La acción de Dios en la historia del pueblo de Israel nos dice: «No por ser grande te elegí; al contrario, eres el más pequeño de los pueblos; te elegí porque te amo…». Dios se ha enamorado de cada uno de nosotros y nos ha elegido (Dt 7,7-8). La experiencia humana más profunda y gratificante es el amor: sentirse amado y amar. “Me has seducido y me he dejado seducir” (Jr 20,7-11). Sí, somos privilegiados, predilectos.
Abrámonos de nuevo al Evangelio, refresquemos nuestra vida y comprobemos el gran don que hemos recibido y que podemos ofrecer para el bien de nuestros hermanos. La pastoral evangelizadora más efectiva, más educadora, más incisiva es que amemos a nuestros feligreses, como un padre ama a sus hijos.
Nuestra metodología pastoral debería ser el invitar, exhortar más que imponer; mejor convencer que exigir. Nuestra evangelización surte más efecto con el ejemplo, más con el testimonio de vida que con las palabras. Al corazón de la gente se llega por el amor.
Como diría Benedicto XVI, “la Iglesia no crece por proselitismo, crece por atracción”. Lo que atrae es el testimonio. San Francisco de Asís les pedía a sus frailes: “Predicad siempre el Evangelio y, si fuese necesario, también con las palabras”.
San Agustín invitaba a sus monjes a anunciar a Cristo y a convertirse en signo del reino de Dios no por su hábito, ni por el corte de su pelo, sino por su alegría, por su actitud y su recogimiento interior. (Comentario a los Salmos 147, 8)
Nuestra pastoral ha de ordenarse y organizarse para ir creando convicciones, más que preceptos, no desde la autoridad sino desde el convencimiento. La Iglesia es una madre que no puede rechazar a un hijo por pecador que sea. Los sacramentos son fuente de gracia, de acogida, de misericordia, de perdón, de comunión.

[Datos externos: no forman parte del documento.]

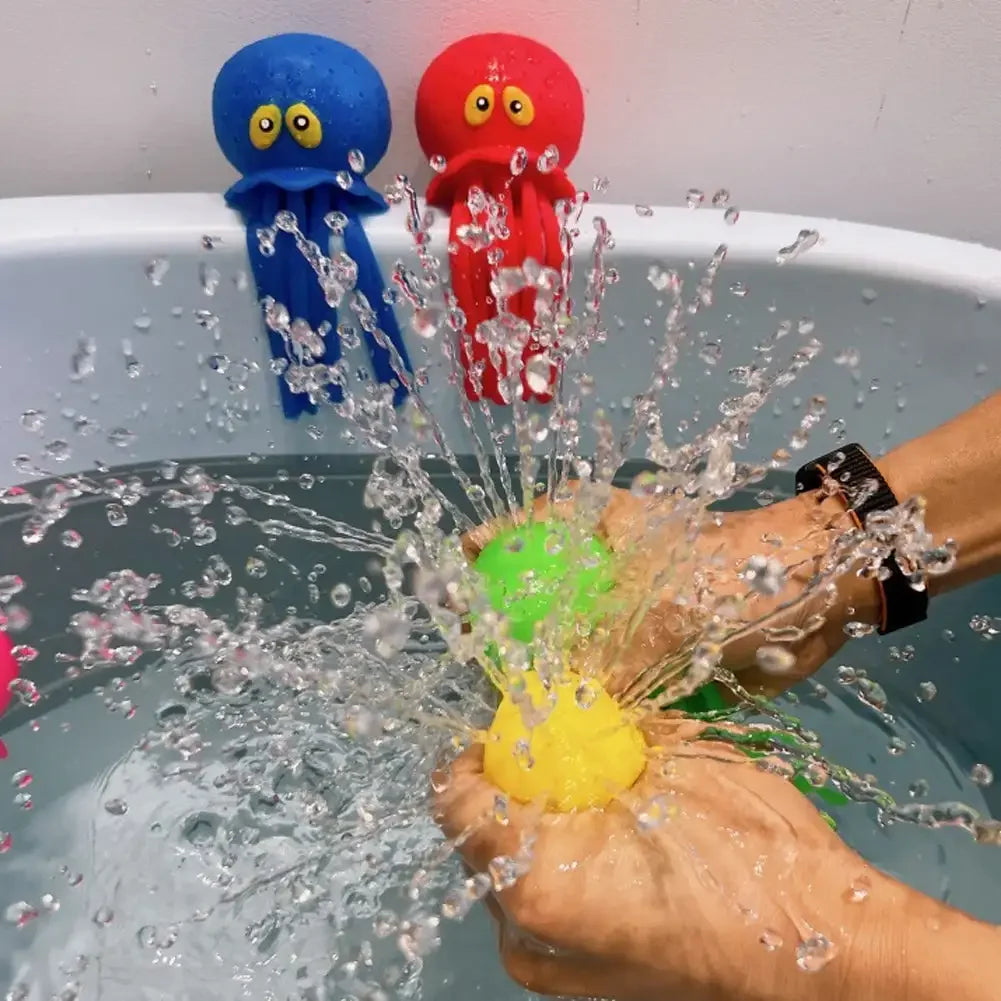Baby Bath Toys Sponge Water Absorbing Octopus Squeezing Stress Relief Toys Summer Swimming Play Water Bath Toy for Children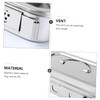 CHILDWEET 1pc Stainless Steel Thermometer Box Soaking Sterilization Tray for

Hoy, más que grandes técnicas y métodos evangelizadores, lo que más importa son las motivaciones y los fundamentos. Todos hemos de saber reconocer la presencia del Espíritu Santo, que siempre va por delante de nosotros, disponiendo el corazón para acoger el mensaje de la salvación:
«Una noche, el Señor dijo a Pablo en una visión: «No tengas miedo. Sigue anunciando el mensaje y no calles, porque yo estoy contigo y nadie podrá hacerte daño, pues muchos de esta ciudad pertenecen a mi pueblo» (Hch 18,9).
Y desde esta actitud de confianza en la acción de Dios podremos descubrir aquellas aspiraciones y valores que serán puntos de encuentro para anunciar el Evangelio, mostrando cómo ilumina y transforma nuestras vidas.
Hermanos, amigos, si los ideales son altos, el camino difícil, el terreno quizás menos minado, las incomprensiones son muchas, pero todo podemos con Aquel que nos da fuerzas (cfr. Flp 4,13).